**DIRECTIONS FOR THIS TASK**. Produce a word-for-word copy of the lines from the one that contains "12x 15g Golden" to the final line of the data below, with all pictures dropped.

Data items
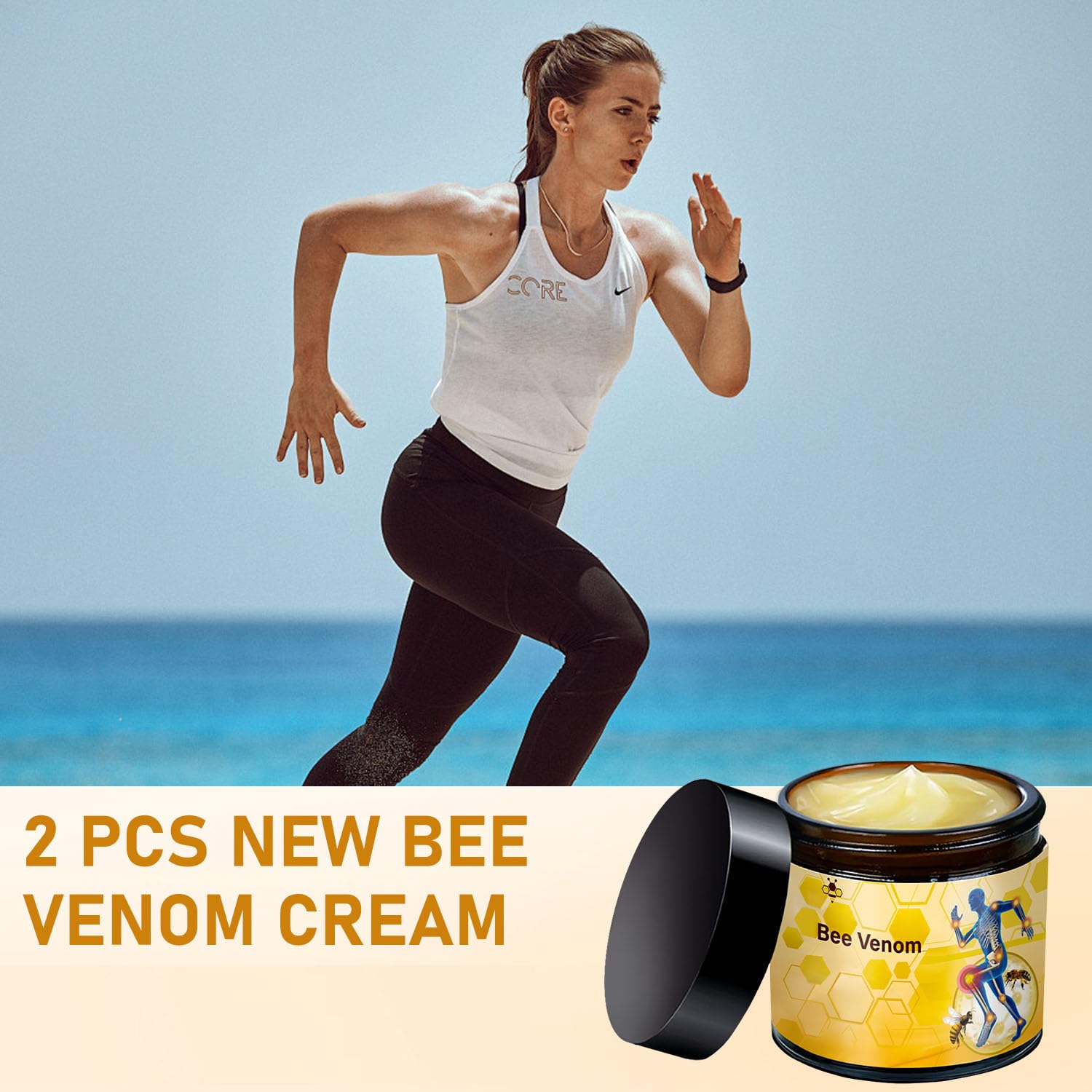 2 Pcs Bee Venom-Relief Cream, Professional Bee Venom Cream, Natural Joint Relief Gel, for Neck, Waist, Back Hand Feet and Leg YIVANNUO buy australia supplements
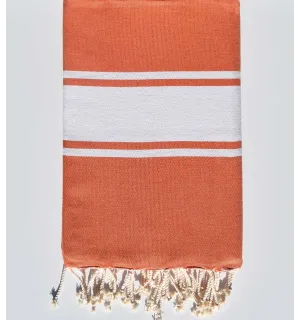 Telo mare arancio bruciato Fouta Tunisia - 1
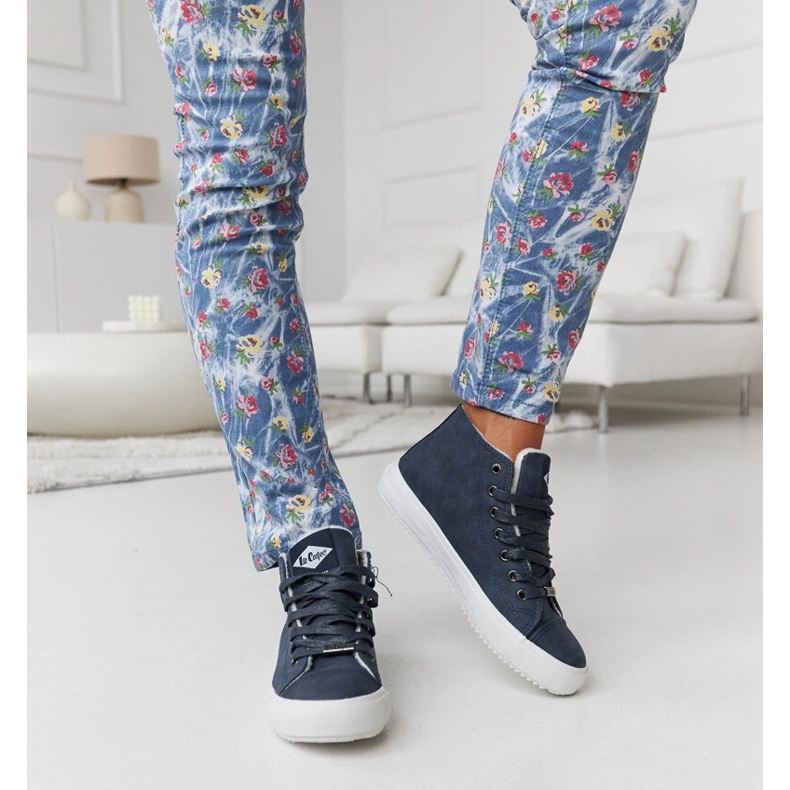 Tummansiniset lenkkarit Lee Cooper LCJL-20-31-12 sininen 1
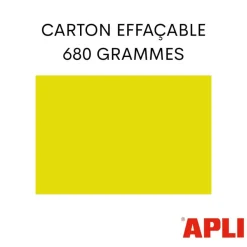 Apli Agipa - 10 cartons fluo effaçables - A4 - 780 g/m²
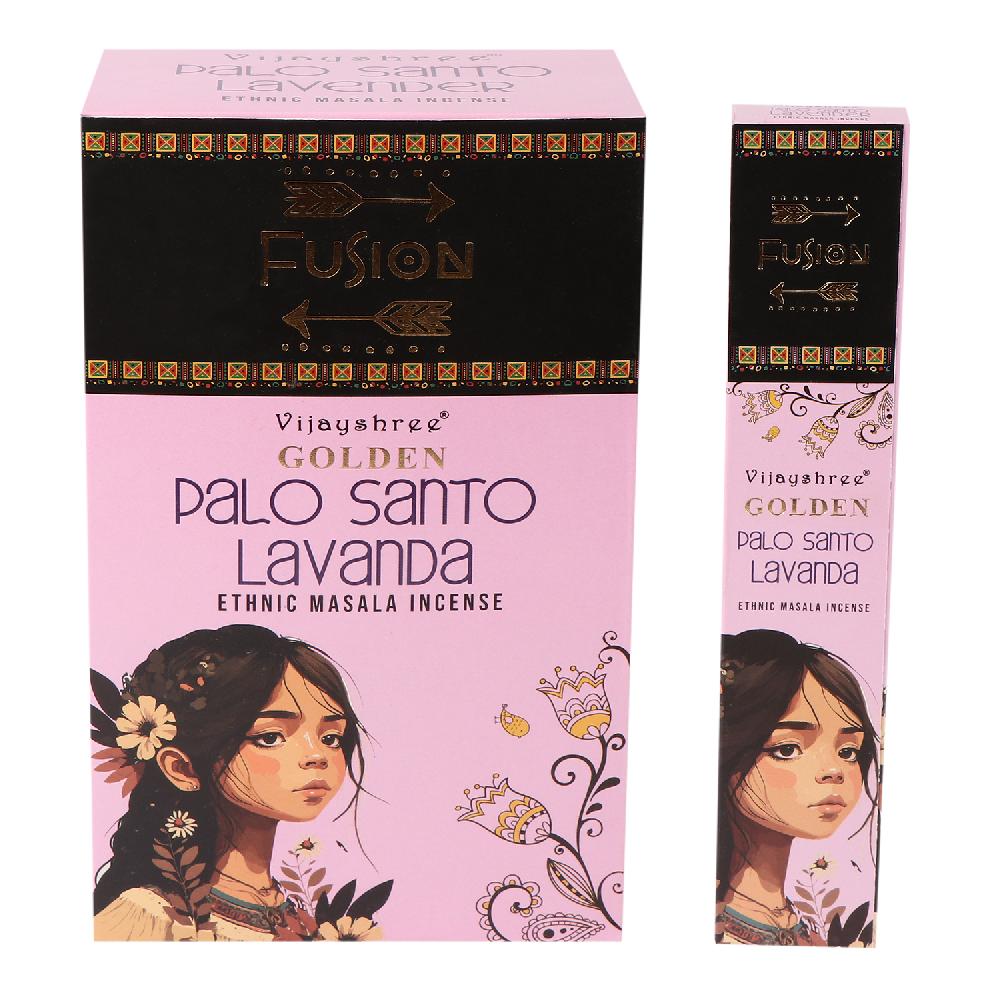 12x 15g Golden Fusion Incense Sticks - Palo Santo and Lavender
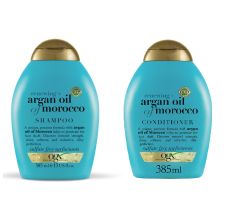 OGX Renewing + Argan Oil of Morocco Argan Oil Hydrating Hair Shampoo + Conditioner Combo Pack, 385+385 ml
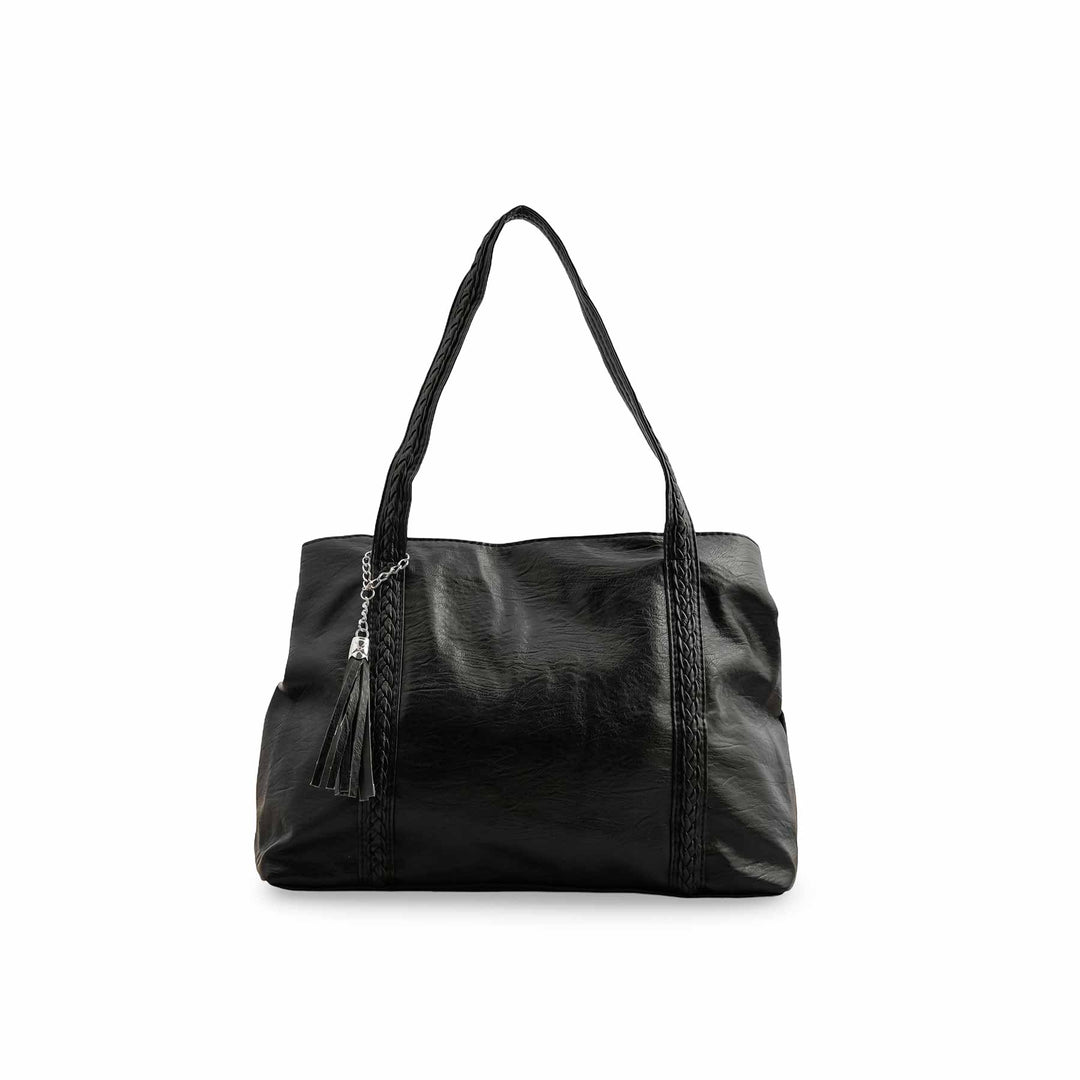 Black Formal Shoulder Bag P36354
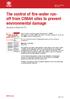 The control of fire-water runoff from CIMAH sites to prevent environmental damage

**SOLVED PROBLEM**.
 12x 15g Golden Fusion Incense Sticks - Palo Santo and Lavender
 OGX Renewing + Argan Oil of Morocco Argan Oil Hydrating Hair Shampoo + Conditioner Combo Pack, 385+385 ml
 Black Formal Shoulder Bag P36354
 The control of fire-water runoff from CIMAH sites to prevent environmental damage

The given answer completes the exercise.